Social media company executives who fail to comply could be fined up to $2.1 million and face three years in jail; companies could face fines of up to $10.5 million or 10 per cent of annual turnover. This was justified in the aftermath of the horrific Christchurch mosque shootings which led to (false) claims that Facebook did not take down the material for hours.
This law raises serious free speech issues. The United Nation’s special rapporteurs on counterterrorism and human rights and freedom of expression wrote to the Australian government warning that the law endangers free speech because it could encourage social media companies to excessively remove content to avoid liability.

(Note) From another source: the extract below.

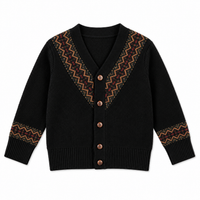Boys Textured Knit Cardigan With fair Isle Trim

Those who are concerned about online free speech have – often rightly – pointed to problems with the content moderation policies of technology firms, the apparent political bias of algorithms, and the issues presented by tech groupthink.
While the actions of social media companies may be less than ideal, the real threat to online freedom comes from politicians hell-bent on changing the rules of the internet in response to a moral panic that blames the internet for all our social ills.

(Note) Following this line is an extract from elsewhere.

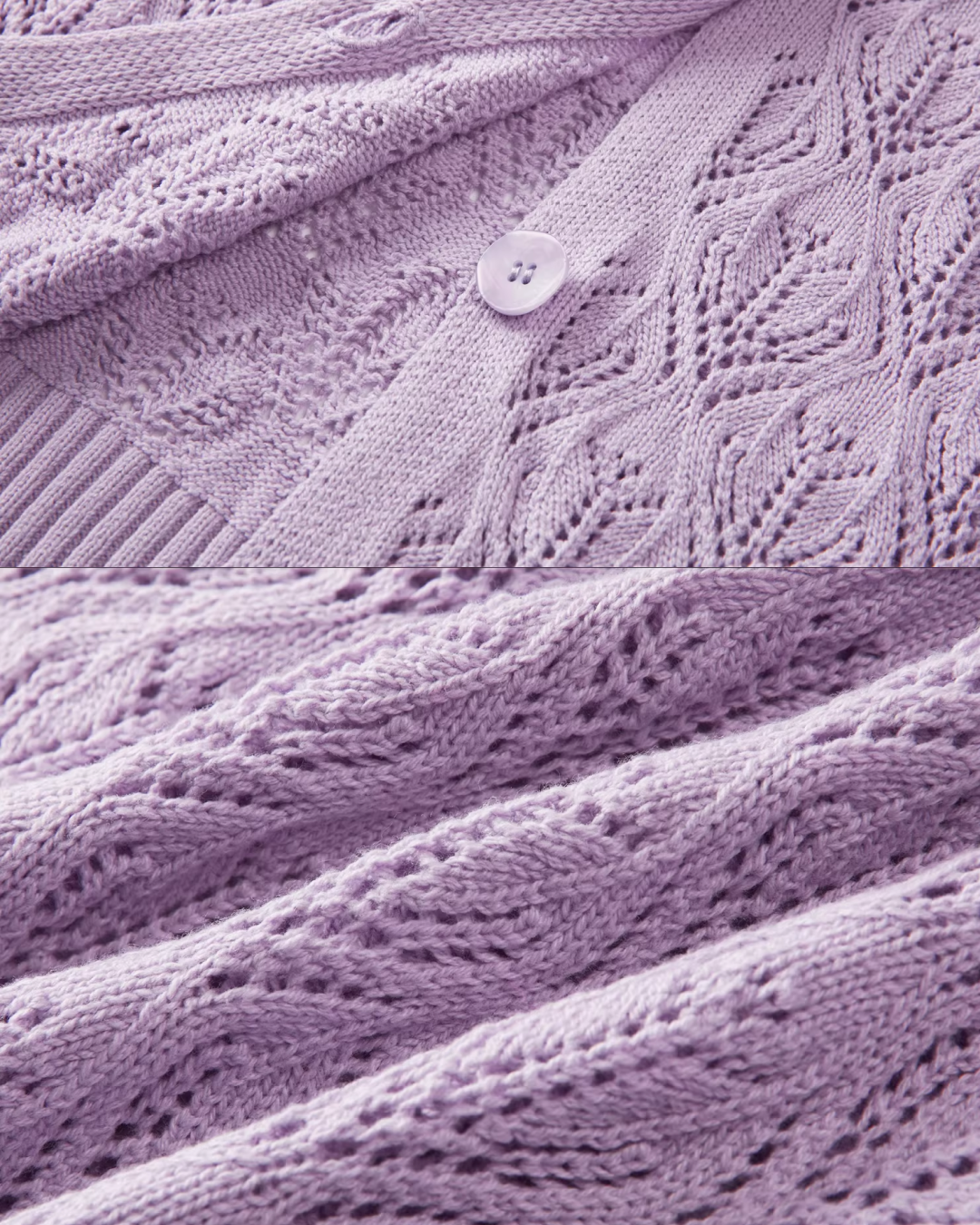 Purple Knit Cardigan & Flower Pattern Camisole Dress CA0016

It is now commonplace to hear Republican politicians like Ted Cruz call for the removal of Section 230 for ‘biased’ companies. Section 230 means that content hosts are not legally liable – think defamation or harassment – for material they host until they are informed about the content’s illegality, at which point they must take it down. This means they do not have to pre-moderate all online material, which would be prohibitively expensive and encourage excessive removal of content to avoid legal costs.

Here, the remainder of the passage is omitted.